⟨

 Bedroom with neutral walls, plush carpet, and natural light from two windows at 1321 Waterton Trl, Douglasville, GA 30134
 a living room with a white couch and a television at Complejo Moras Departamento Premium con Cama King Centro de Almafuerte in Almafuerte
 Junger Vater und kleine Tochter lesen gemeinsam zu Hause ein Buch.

⟩
⟨

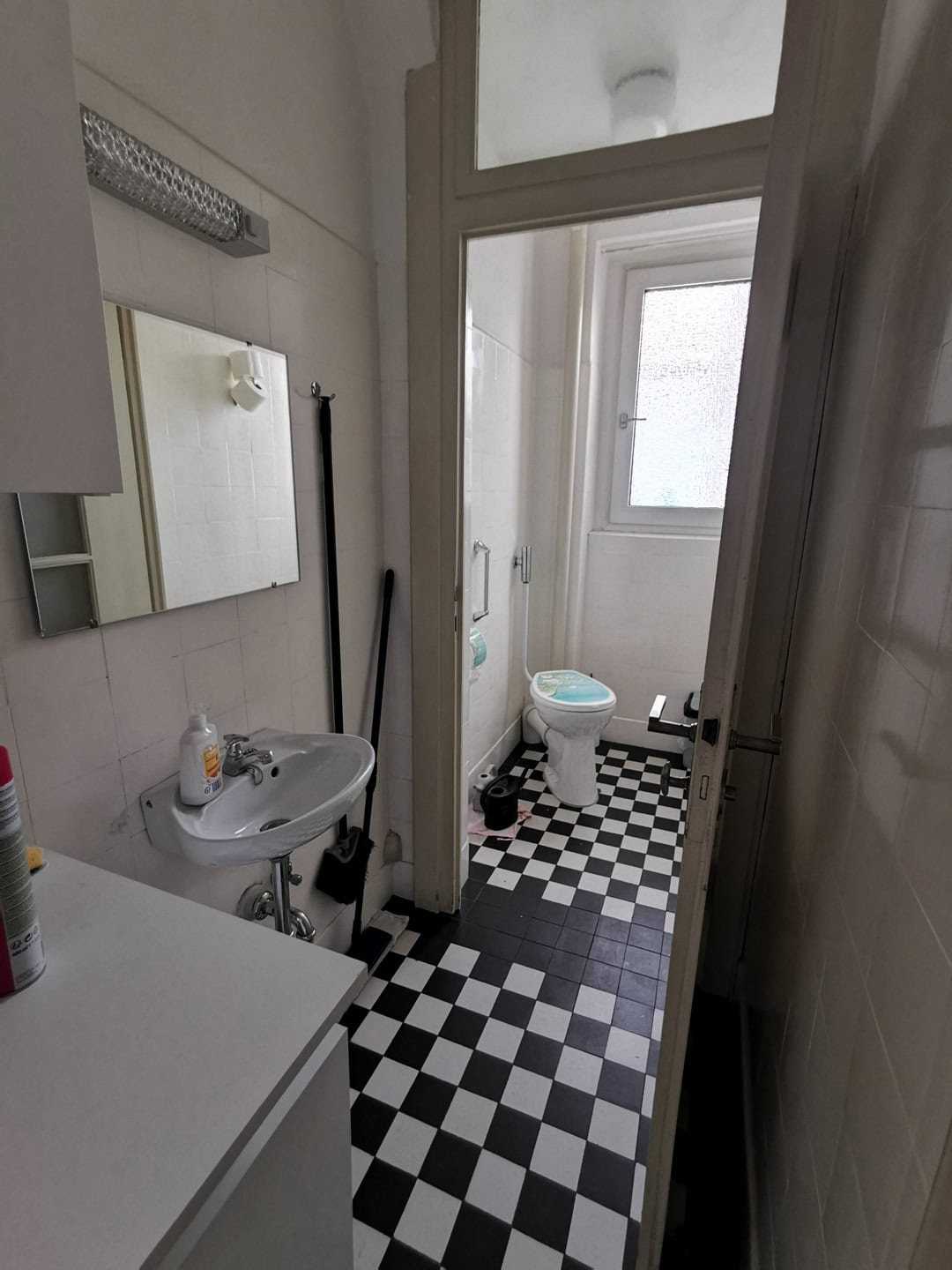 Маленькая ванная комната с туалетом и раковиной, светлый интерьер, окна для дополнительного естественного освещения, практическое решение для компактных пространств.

⟩

● **What is being asked**
Where a line in the material above holds "with", copy that line.

● **Answer below**
 Bedroom with neutral walls, plush carpet, and natural light from two windows at 1321 Waterton Trl, Douglasville, GA 30134
 a living room with a white couch and a television at Complejo Moras Departamento Premium con Cama King Centro de Almafuerte in Almafuerte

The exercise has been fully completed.